Amanda Knox headed home to the US a free woman yesterday, the morning after an Italian appeals court dramatically overturned her conviction of sexually assaulting and brutally slaying her British roommate.
The Italy-US Foundation, which has championed Knox’s cause, said she departed shortly after noon from Rome’s Leonardo da Vinci airport on the way to London, from where she will catch a connecting flight to the US.
The 24-year-old Knox, who is returning to Seattle, arrived at the airport in a Mercedes with darkened windows and waited for boarding inside a private waiting area, out of public view.
Photo: AFP
Back in Perugia, the family of slain British student Meredith Kercher remained stunned by the verdict and they were searching for answers.
“It was a bit of a shock,” said Stephanie Kercher, the victim’s older sister. “It’s very upsetting ... We still have no answers.”
Brother Lyle Kercher said the family was still trying to understand how a decision that “was so certain two years ago has been so dramatically overturned.”
He said the family had been left to wonder who is guilty in his 21-year-old sister’s death after the release of Knox and her one-time boyfriend, Raffaele Sollecito, on appeal. A third man, Rudy Hermann Guede, has been convicted in the brutal slaying, but his trial concluded he did not act alone. Guede is serving a 16-year sentence.

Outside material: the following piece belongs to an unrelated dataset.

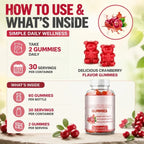 Cranberry Urinary Tract Health Support Dietary Supplement Gummies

“If the two released yesterday were not the guilty parties, we are obviously left to wonder who is the other guilty person or people. We are left back at square one,” Lyle Kercher said.
Prosecutor Giuliano Mignini expressed disbelief at the verdict and vowed an appeal to Italy’s highest criminal court.
“Let’s wait and we will see who was right. The first court or the appeal court,” Mignini said. “This trial was done under unacceptable media pressure. The decision was almost already announced. This is not normal.”
If the highest court overturns the acquittal, prosecutors would be free to request Knox’s extradition to Italy to finish whatever remained of her sentence. It would be up to the Italian government to decide whether it makes such a request.
Knox and Sollecito were convicted in 2009 of sexually assaulting and murdering Kercher, a 21-year-old British student who shared an apartment with Knox in Perugia. Knox was sentenced to 26 years, Sollecito to 25.
However, the prosecution’s case was blown apart by a court-ordered DNA review that discredited crucial genetic evidence.